# Windows 7: Ständig updates beim Herunterfahren - normal?



## EnergyCross (3. Januar 2014)

*Windows 7: Ständig updates beim Herunterfahren - normal?*

hey,



ich hab seit einiger zeit (2-3 wochen) jedes mal, wenn ich meinen PC herunterfahre ein Update, dass er noch fix lädt und installiert. Die ersten 3 male dacht ich mir okay, kann gut sein.
Aber jeden Tag ein update? Oder kriegt mein rechner da irgendwas nicht gebacken und der versucht immer das selbe zu laden?

habt ihr auch jeden tag genau ein update, wenn ja scheint wohl alles in ordnung zu sein


----------



## Incredible Alk (3. Januar 2014)

*AW: Windows 7: Ständig updates beim Herunterfahren - normal?*

Sieh doch einfach in der Systemsteuerung --> Windows Update nach was er da so tut und was ihm noch fehlt. 

Es kommt schon mal vor dass an 2 oder 3 Tagen mal ein Update nachgeschoben wird, STÄNDIG ist das aber sicher nicht der Fall.


----------



## ΔΣΛ (3. Januar 2014)

*AW: Windows 7: Ständig updates beim Herunterfahren - normal?*

Probiere mal dies aus : Problem beheben, bei dem Windows Update nicht funktioniert
Vielleicht ist es auch ein Schädling, hast du schon einen kompletten Virenscann gemacht (?), am besten außerhalb von Windows. (Sicher ist Sicher)


----------



## EnergyCross (3. Januar 2014)

*AW: Windows 7: Ständig updates beim Herunterfahren - normal?*

okay, sehe gerade in den systemsteuerungen, dass sehr viele updates einfach Fehlgeschlagen sind. 

sind eigendlich nur Office 2003 Updates. Wobei ich nichtmal office installiert habe, da der rein für Spiele/Social da ist. Gearbeitet wird am laptop.




Spoiler



Sicherheitsupdate für Office 2003 (KB2850047)

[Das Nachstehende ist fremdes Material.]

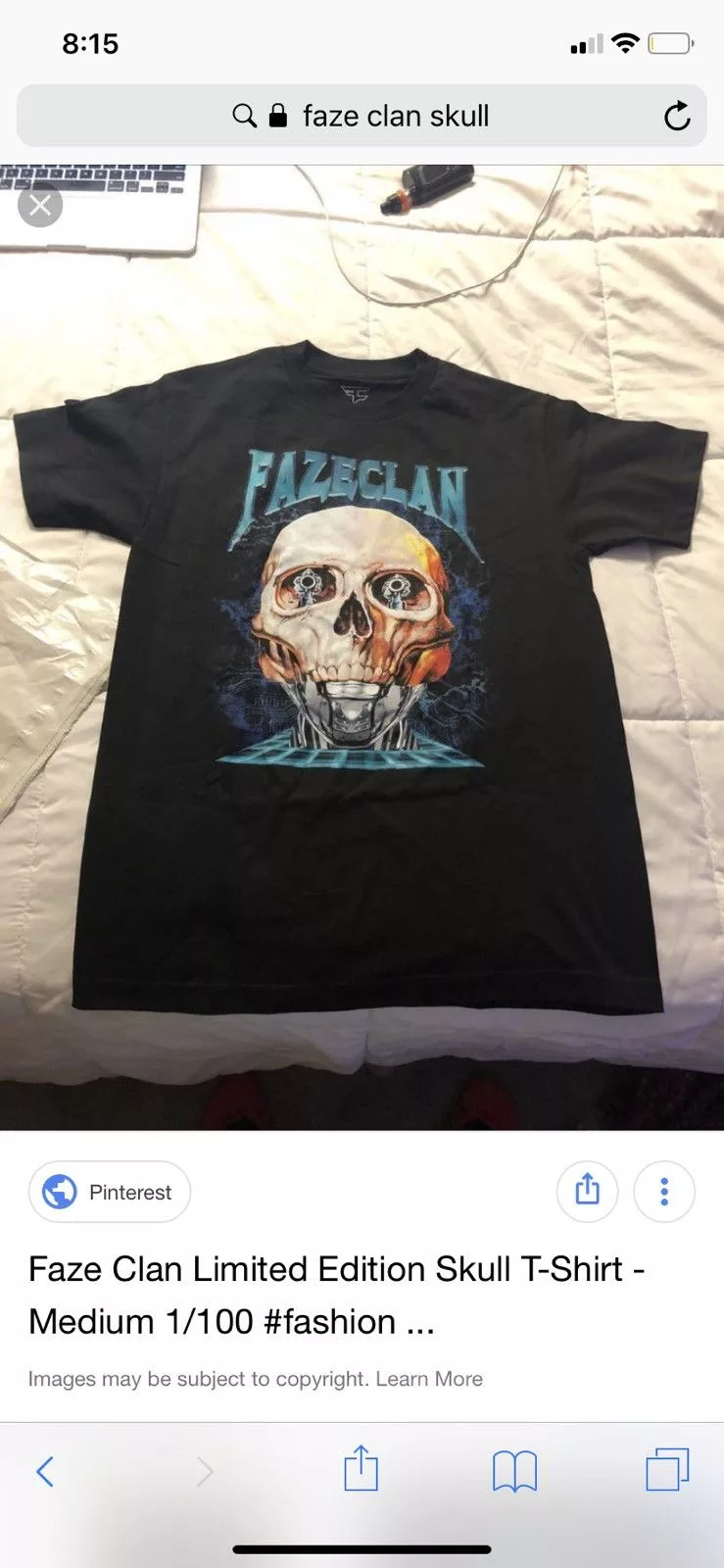 Other Short Sleeve T Shirts Other Fazeclan Black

Installationsdatum: ‎01.‎01.‎2014 22:17

Installationsstatus: Fehlgeschlagen

Fehlerdetails: Code 770

Updatetyp: Wichtig

In Office 2003  besteht ein Sicherheitsrisiko, das nach dem Öffnen einer in böswilliger Absicht veränderten Datei die Ausführung von beliebigem Code ermöglichen kann. Das Risiko wird mit diesem Update behobe



2 wichtige Updates, wieder Office 2003 und einmal microsoft.NET Framework
5 optionale, u.a. nvidia




			
				ΔΣΛ;6030985 schrieb:
			
		

> Probiere mal dies aus :  Problem  beheben, bei dem Windows Update nicht funktioniert
> Vielleicht  ist es auch ein Schädling, hast du schon einen kompletten Virenscann  gemacht (?), am besten außerhalb von Windows. (Sicher ist  Sicher)


 

einmal die woche macht er automatisch einen kompletten rundumcheck und findet nix.


----------



## Incredible Alk (3. Januar 2014)

*AW: Windows 7: Ständig updates beim Herunterfahren - normal?*

Wenn du kein Office installiert hast solltren die Updates auch nicht erscheinen. Du kannst sie aber auch als Admin per rechter Maustaste dauerhaft ausblenden/deaktivieren.


----------



## EnergyCross (3. Januar 2014)

*AW: Windows 7: Ständig updates beim Herunterfahren - normal?*

ausblenden entspricht in dem fall deaktivieren? das häkchen vorne ist auf jedenfall draußen


----------



## Incredible Alk (3. Januar 2014)

*AW: Windows 7: Ständig updates beim Herunterfahren - normal?*

"Ausblenden" heißt hier, Windows wird dieses Update nicht mehr automatisch durchführen wollen.


----------



## EnergyCross (3. Januar 2014)

*AW: Windows 7: Ständig updates beim Herunterfahren - normal?*

super, wunderbar 

und wieder einen glücklichen Kunden 


ich danke euch!


----------